[Provided information]
=== Section Start ===

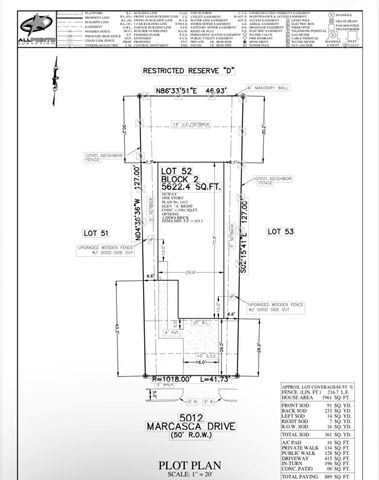 5012 Marcasca Drive, Katy, TX 77493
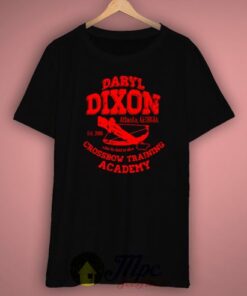 Daryl Dixon Walking Dead Crossbow Training Unisex Premium T shirt Size SMLXL2XL 3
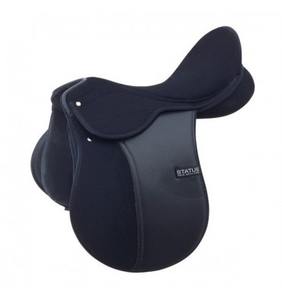 Silla de montar de salto Western BLUHORSE al por mayor en dos colores con estructura de plástico duradera para caballos - Product Image 4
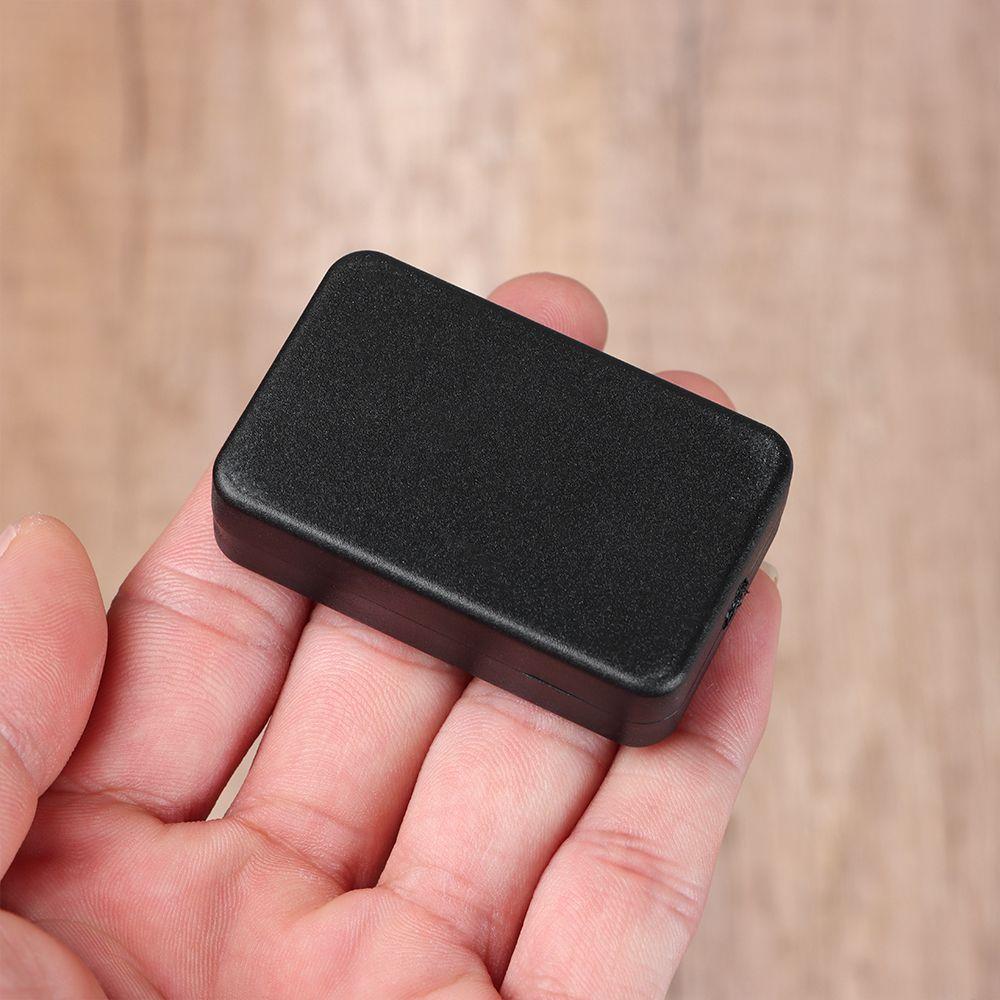 Черный АБС-пластик Высококачественная Водонепроницаемая Крышка Проект Электронный Проектная Коробка Корпуса Коробки Кейс для Прибора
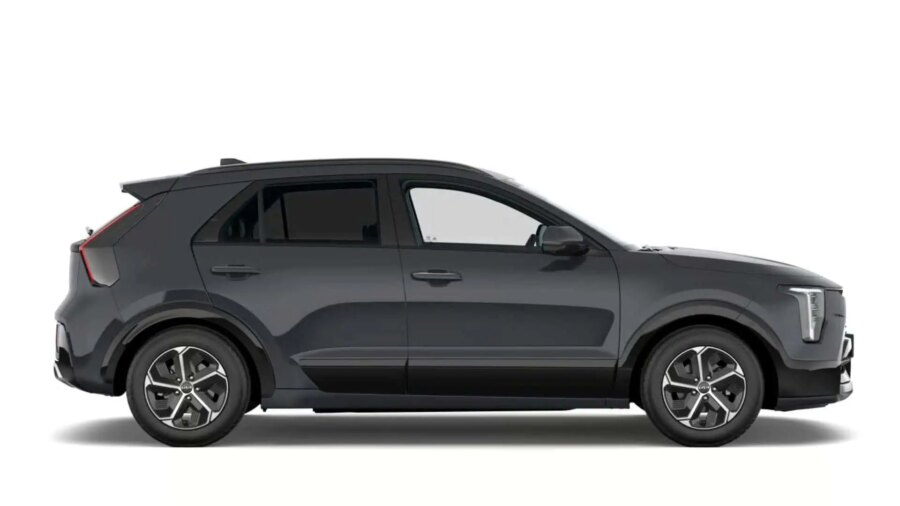 Leasing Coches Kia Niro 1.6 GDi HEV 102kW Concept Interstellar Grey, Steel Gray
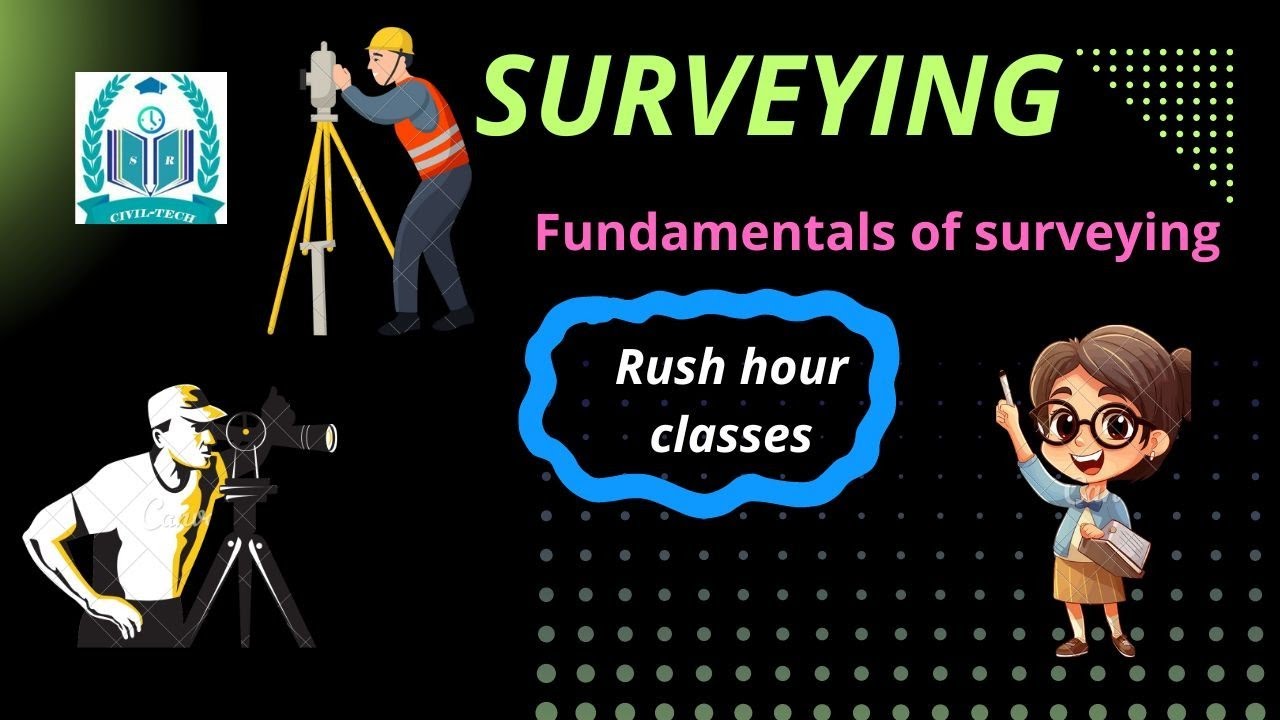 surveying and geomatics #KWA surveyor Gr2#chapter wise revision#FUNDAMENTALS of surveying #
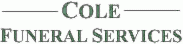 Cole Funeral Services
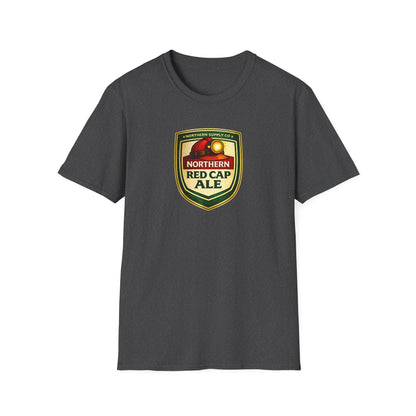 Red Cap Label T-Shirt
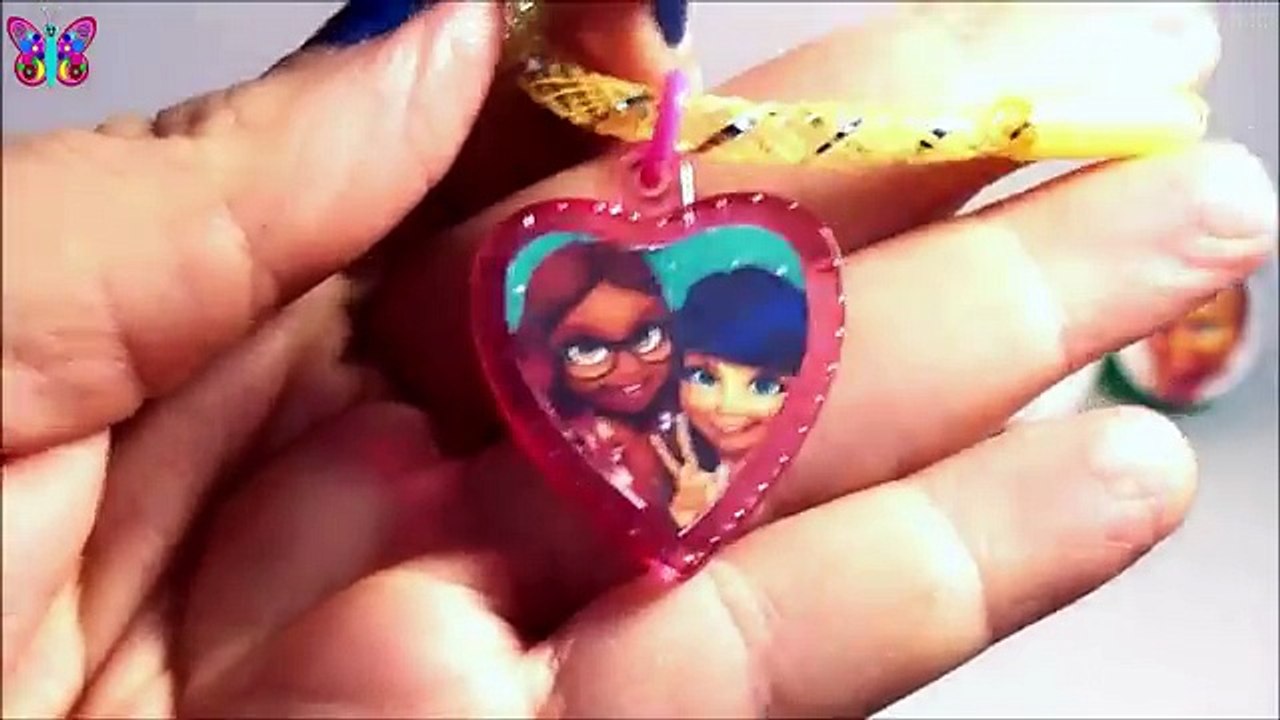 8 huevos sorpresa de ladybug, cat noir, Marinette, Adrien juguetes nuevos toys surprise eggs 2016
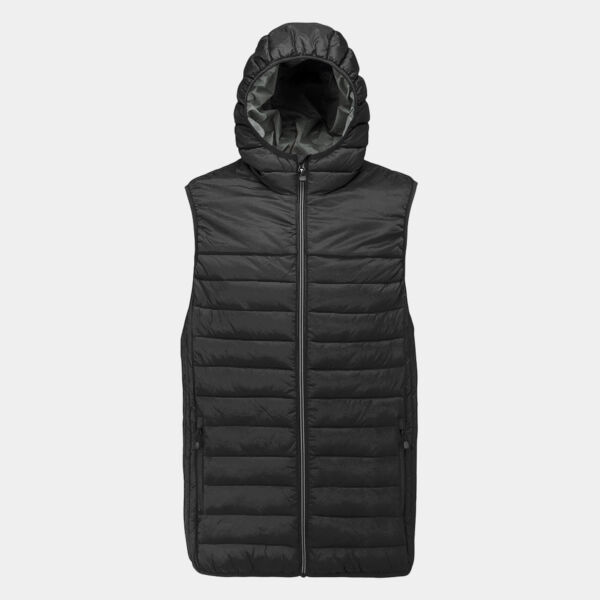 Proact Hooded Padded Bodywarmer Thumbnail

=== Section End ===

[What the task asks] Write out each entry exactly, images excluded.

[Solution for this problem]
 5012 Marcasca Drive, Katy, TX 77493
 Daryl Dixon Walking Dead Crossbow Training Unisex Premium T shirt Size SMLXL2XL 3
 Silla de montar de salto Western BLUHORSE al por mayor en dos colores con estructura de plástico duradera para caballos - Product Image 4
 Черный АБС-пластик Высококачественная Водонепроницаемая Крышка Проект Электронный Проектная Коробка Корпуса Коробки Кейс для Прибора
 Leasing Coches Kia Niro 1.6 GDi HEV 102kW Concept Interstellar Grey, Steel Gray
 surveying and geomatics #KWA surveyor Gr2#chapter wise revision#FUNDAMENTALS of surveying #
 Cole Funeral Services
 Red Cap Label T-Shirt
 8 huevos sorpresa de ladybug, cat noir, Marinette, Adrien juguetes nuevos toys surprise eggs 2016
 Proact Hooded Padded Bodywarmer Thumbnail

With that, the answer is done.